Task directions: With the pictures omitted, repeat exactly the lines below starting with the line that has "Property photo of 48" and going on through the line that has "Guardabarros trasero Hyosung".

======== Raw data

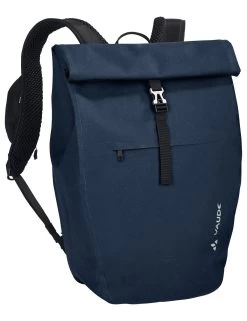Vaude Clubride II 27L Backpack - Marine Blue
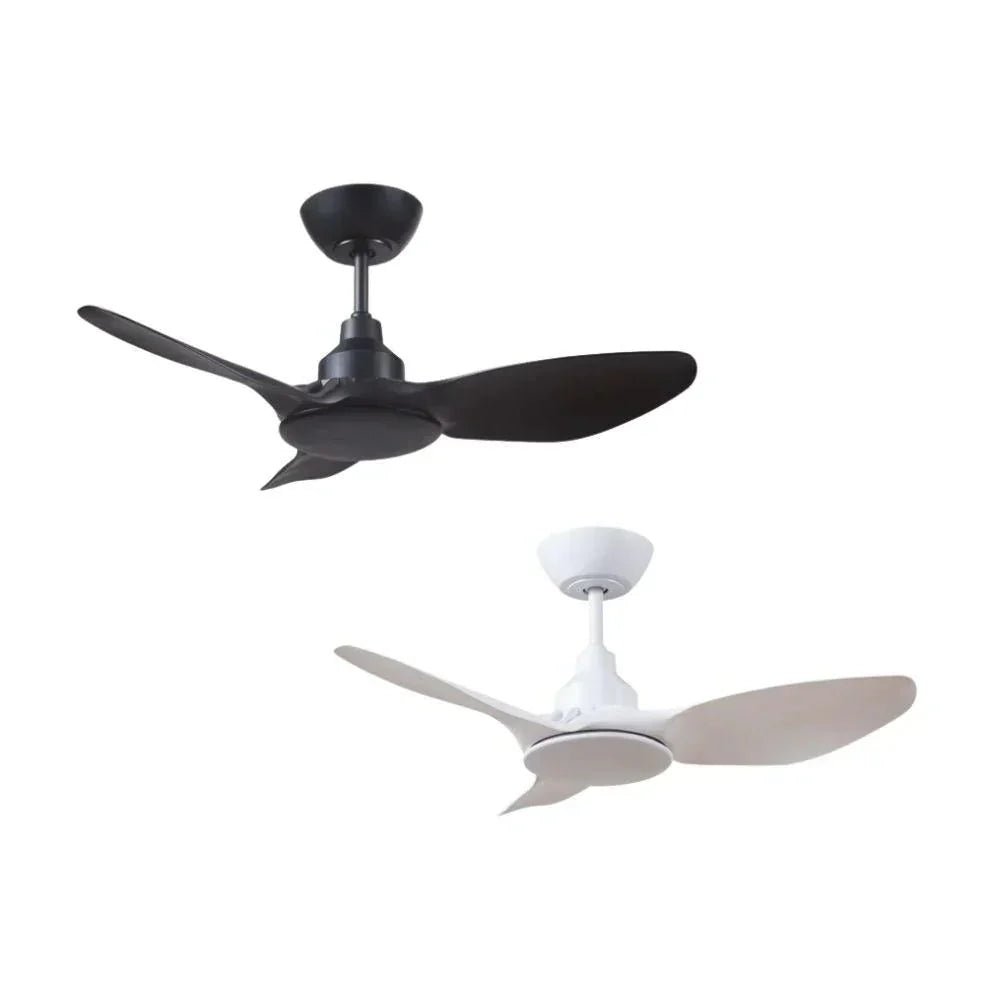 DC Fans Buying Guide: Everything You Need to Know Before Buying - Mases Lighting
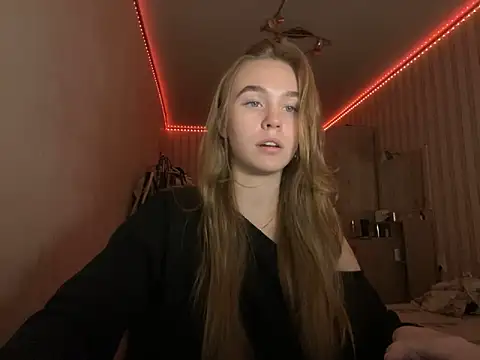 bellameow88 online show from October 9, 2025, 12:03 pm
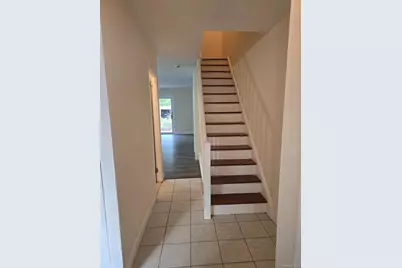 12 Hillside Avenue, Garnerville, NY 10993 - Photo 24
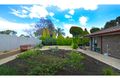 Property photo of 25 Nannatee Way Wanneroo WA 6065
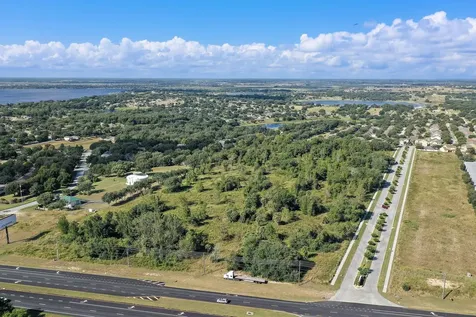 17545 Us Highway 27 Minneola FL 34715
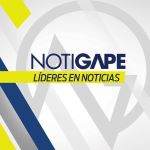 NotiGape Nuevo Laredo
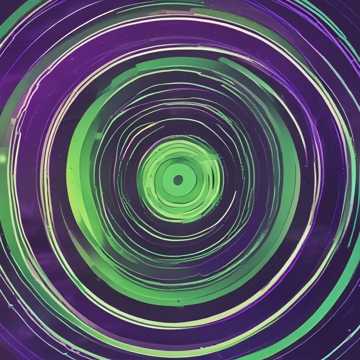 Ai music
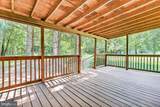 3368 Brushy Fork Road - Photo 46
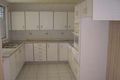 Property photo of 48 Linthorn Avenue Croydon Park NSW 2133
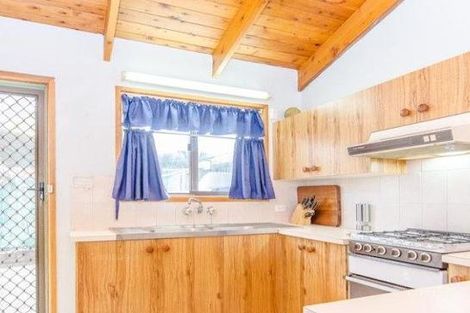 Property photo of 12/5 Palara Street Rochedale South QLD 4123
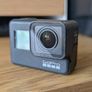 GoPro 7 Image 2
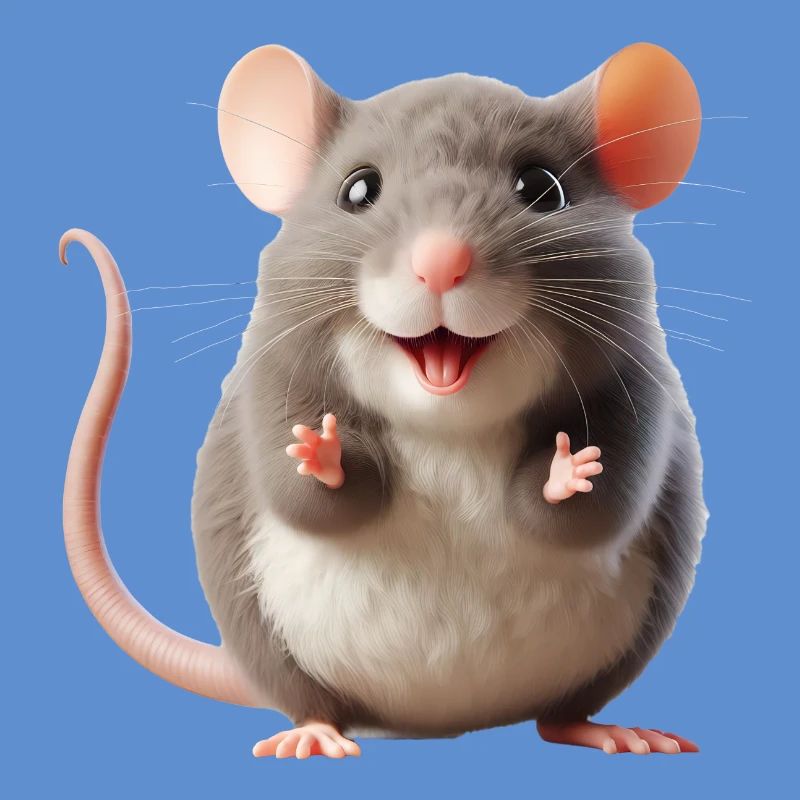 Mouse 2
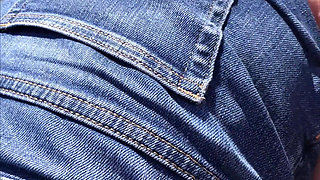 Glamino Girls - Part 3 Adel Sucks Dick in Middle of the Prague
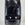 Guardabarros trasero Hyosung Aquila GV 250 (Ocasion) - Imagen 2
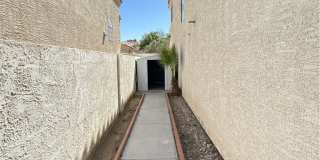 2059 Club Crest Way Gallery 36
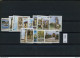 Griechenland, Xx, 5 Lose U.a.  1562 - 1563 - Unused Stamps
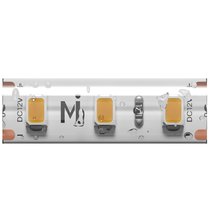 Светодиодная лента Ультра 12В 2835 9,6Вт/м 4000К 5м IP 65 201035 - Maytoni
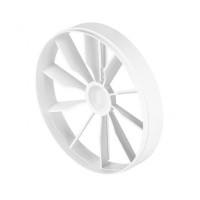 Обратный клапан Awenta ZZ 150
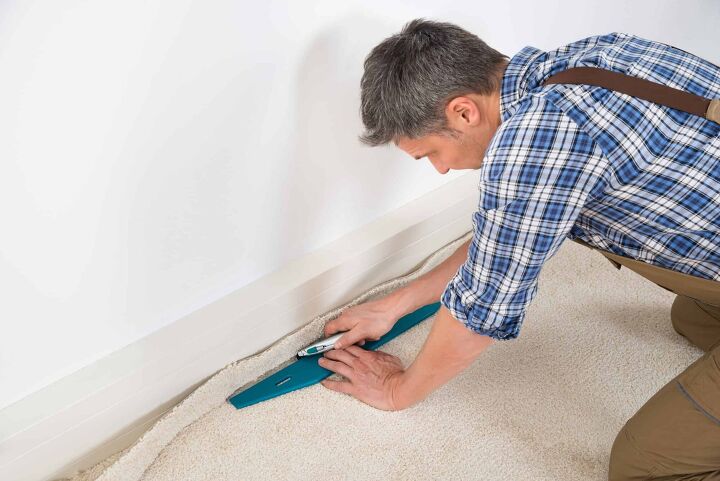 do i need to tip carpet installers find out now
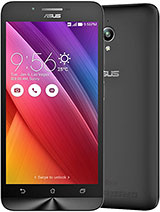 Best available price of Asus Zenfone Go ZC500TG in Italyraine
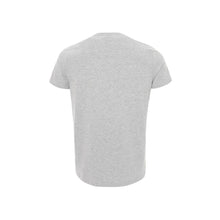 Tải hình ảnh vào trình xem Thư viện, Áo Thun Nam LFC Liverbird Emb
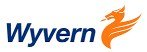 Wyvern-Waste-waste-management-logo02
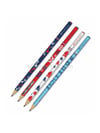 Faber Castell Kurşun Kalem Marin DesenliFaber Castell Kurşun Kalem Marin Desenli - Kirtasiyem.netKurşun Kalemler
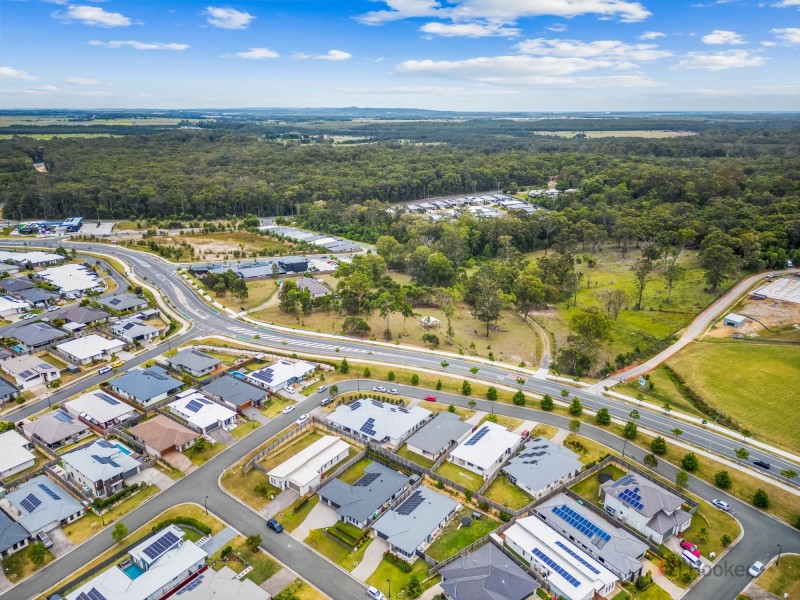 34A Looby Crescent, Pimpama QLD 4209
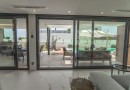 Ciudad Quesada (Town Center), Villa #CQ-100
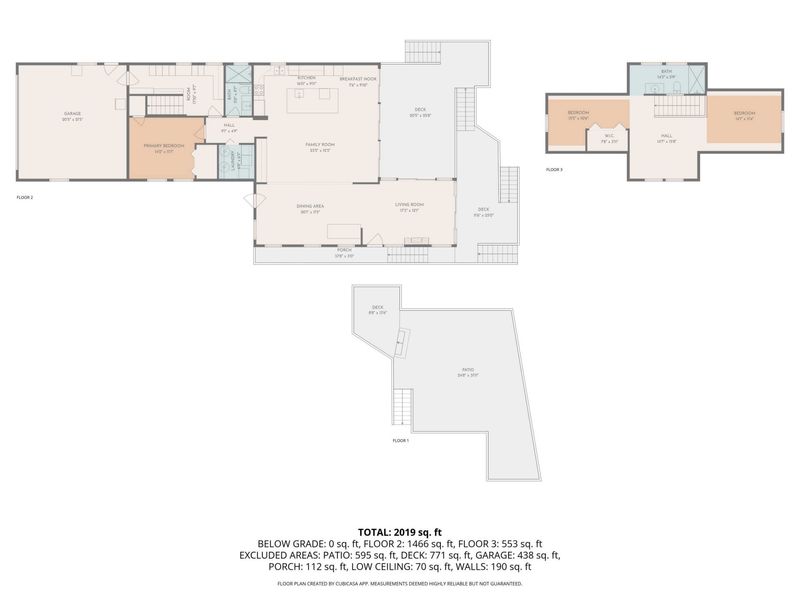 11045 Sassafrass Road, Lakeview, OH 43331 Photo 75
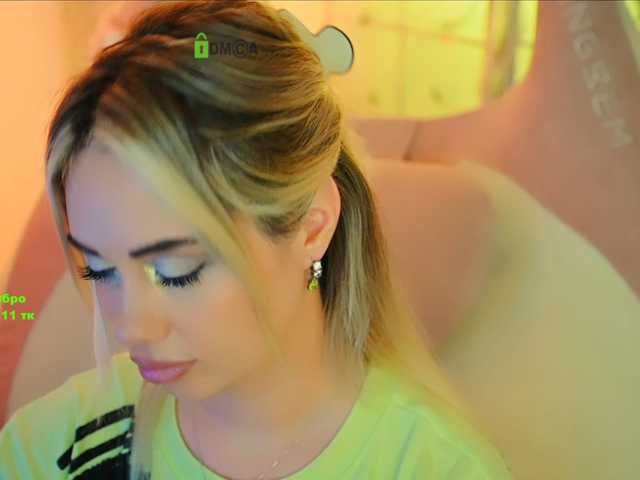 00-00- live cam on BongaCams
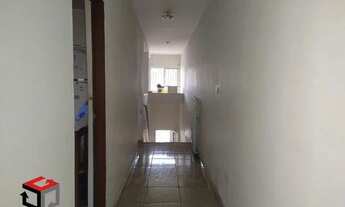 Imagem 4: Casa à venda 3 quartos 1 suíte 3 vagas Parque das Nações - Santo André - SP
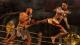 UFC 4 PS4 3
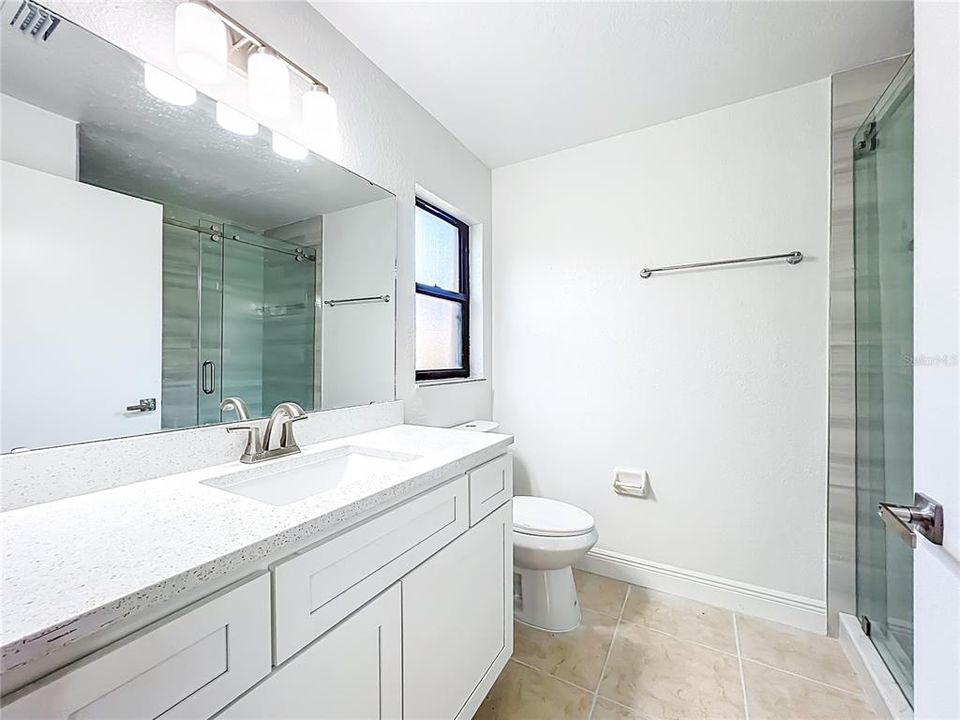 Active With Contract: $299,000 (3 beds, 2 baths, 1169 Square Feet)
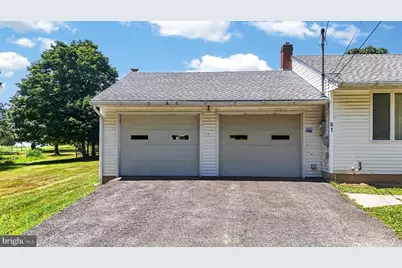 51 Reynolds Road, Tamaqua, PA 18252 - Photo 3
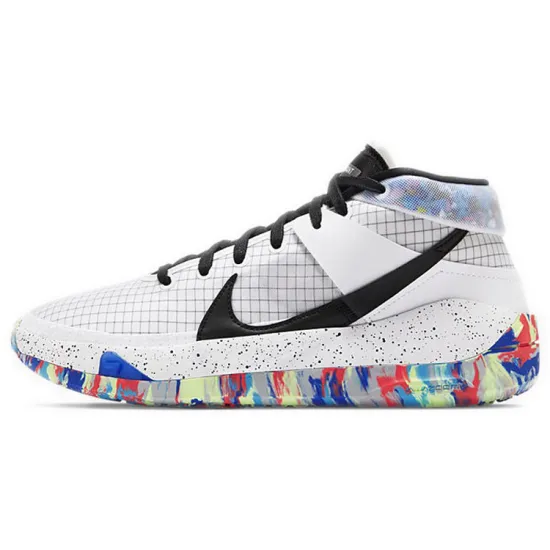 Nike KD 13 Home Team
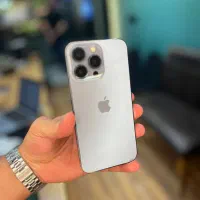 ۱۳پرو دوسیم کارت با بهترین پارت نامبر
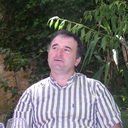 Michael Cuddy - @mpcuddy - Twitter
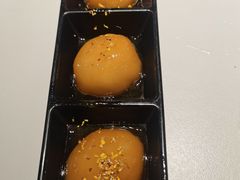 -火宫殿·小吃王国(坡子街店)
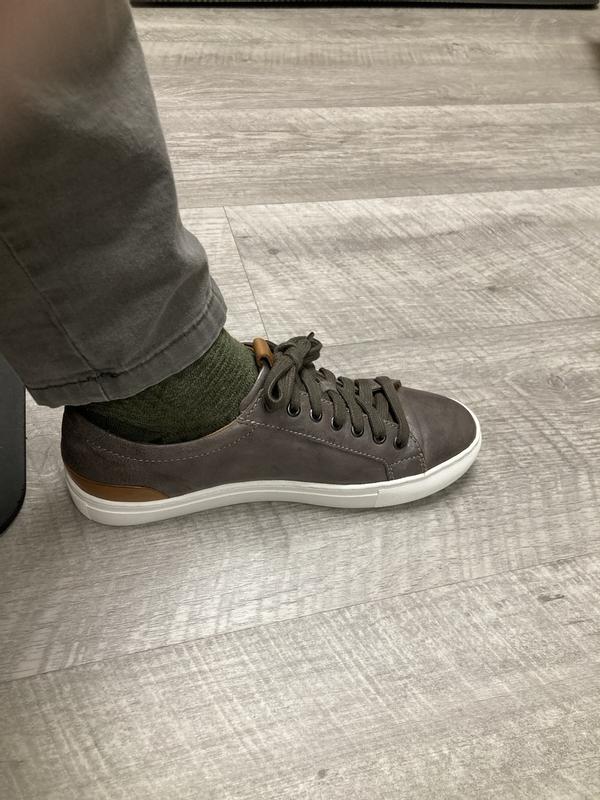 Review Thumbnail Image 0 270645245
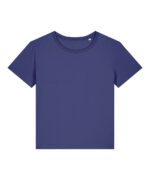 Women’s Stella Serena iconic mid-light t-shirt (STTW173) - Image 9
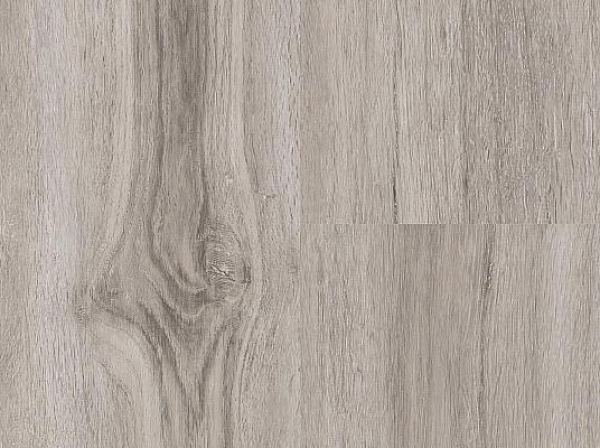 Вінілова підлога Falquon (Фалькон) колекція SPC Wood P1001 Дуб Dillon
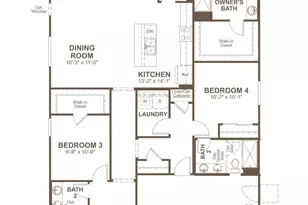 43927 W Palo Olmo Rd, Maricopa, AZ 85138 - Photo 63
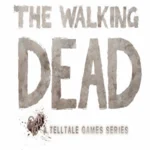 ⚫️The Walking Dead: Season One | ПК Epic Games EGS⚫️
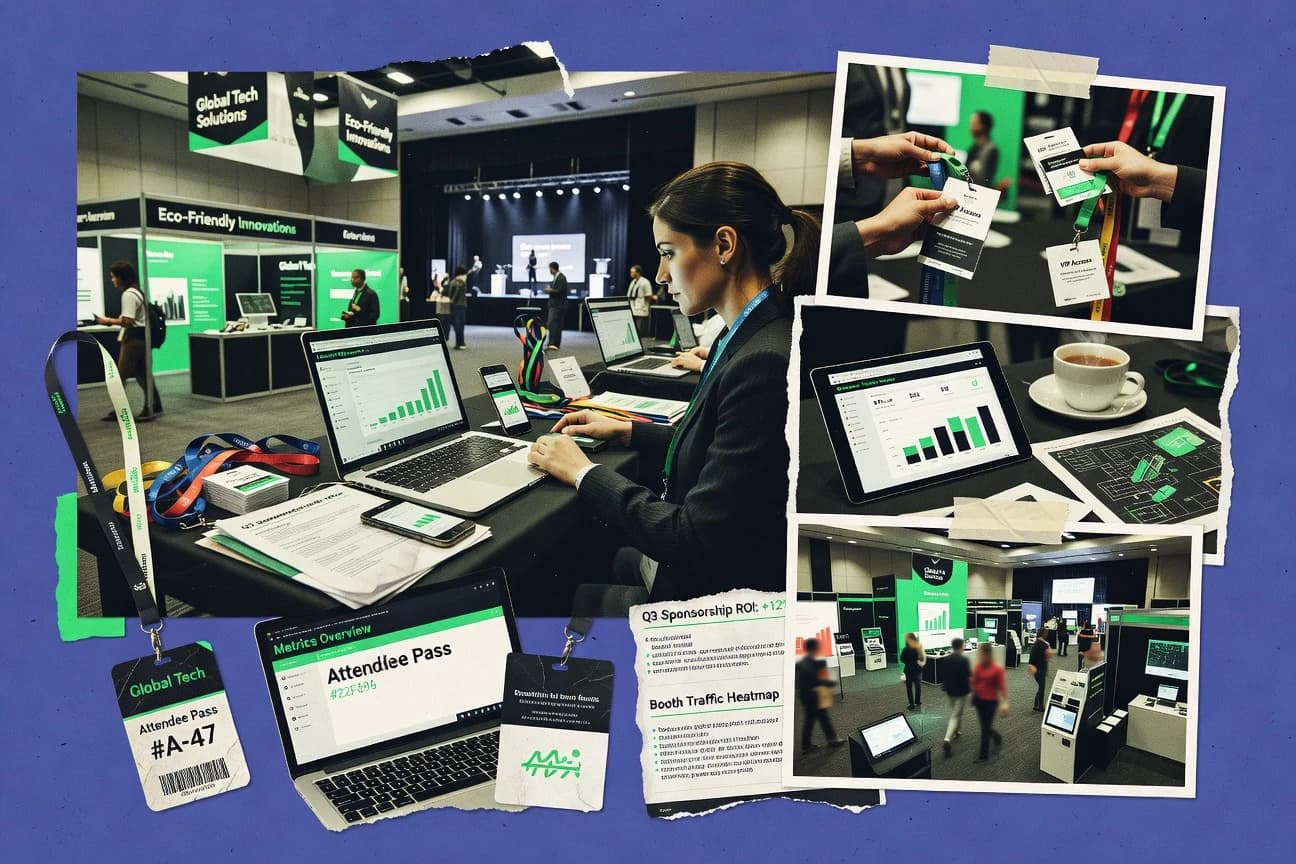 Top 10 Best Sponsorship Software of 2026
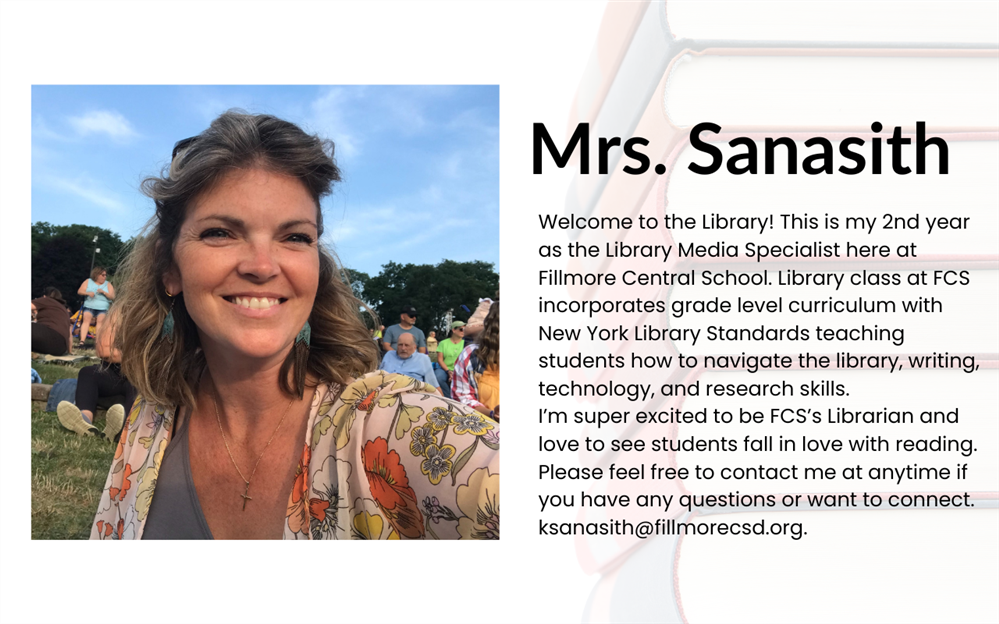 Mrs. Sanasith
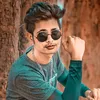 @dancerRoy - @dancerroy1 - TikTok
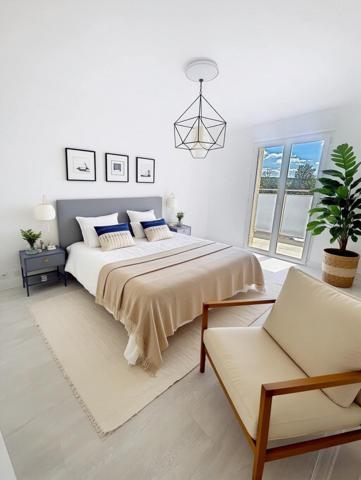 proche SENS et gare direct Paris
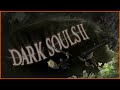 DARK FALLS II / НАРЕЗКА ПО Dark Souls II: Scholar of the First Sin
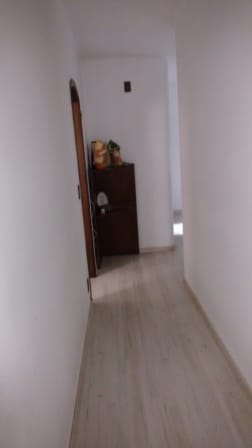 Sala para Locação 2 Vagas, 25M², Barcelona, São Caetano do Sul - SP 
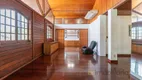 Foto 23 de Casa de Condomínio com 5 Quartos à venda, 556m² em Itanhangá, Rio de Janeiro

================

Answer space:
 Property photo of 48 Linthorn Avenue Croydon Park NSW 2133
 Property photo of 12/5 Palara Street Rochedale South QLD 4123
 GoPro 7 Image 2
 Mouse 2
 Glamino Girls - Part 3 Adel Sucks Dick in Middle of the Prague
 Guardabarros trasero Hyosung Aquila GV 250 (Ocasion) - Imagen 2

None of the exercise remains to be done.